**GOAL OF THE EXERCISE:** Set down all the lines below, each one exactly as shown.

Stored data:
•••••
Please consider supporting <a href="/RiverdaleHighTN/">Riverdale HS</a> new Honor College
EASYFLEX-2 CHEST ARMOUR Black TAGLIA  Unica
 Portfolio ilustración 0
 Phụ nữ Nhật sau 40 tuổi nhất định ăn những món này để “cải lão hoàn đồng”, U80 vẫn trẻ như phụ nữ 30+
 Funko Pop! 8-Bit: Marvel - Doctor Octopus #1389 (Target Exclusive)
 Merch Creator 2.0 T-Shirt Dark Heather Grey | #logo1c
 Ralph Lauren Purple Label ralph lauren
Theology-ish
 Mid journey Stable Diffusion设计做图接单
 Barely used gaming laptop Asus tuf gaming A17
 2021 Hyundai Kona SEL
•••••
**OUTPUT FOR THIS EXERCISE:**
Please consider supporting <a href="/RiverdaleHighTN/">Riverdale HS</a> new Honor College
EASYFLEX-2 CHEST ARMOUR Black TAGLIA  Unica
 Portfolio ilustración 0
 Phụ nữ Nhật sau 40 tuổi nhất định ăn những món này để “cải lão hoàn đồng”, U80 vẫn trẻ như phụ nữ 30+
 Funko Pop! 8-Bit: Marvel - Doctor Octopus #1389 (Target Exclusive)
 Merch Creator 2.0 T-Shirt Dark Heather Grey | #logo1c
 Ralph Lauren Purple Label ralph lauren
Theology-ish
 Mid journey Stable Diffusion设计做图接单
 Barely used gaming laptop Asus tuf gaming A17
 2021 Hyundai Kona SEL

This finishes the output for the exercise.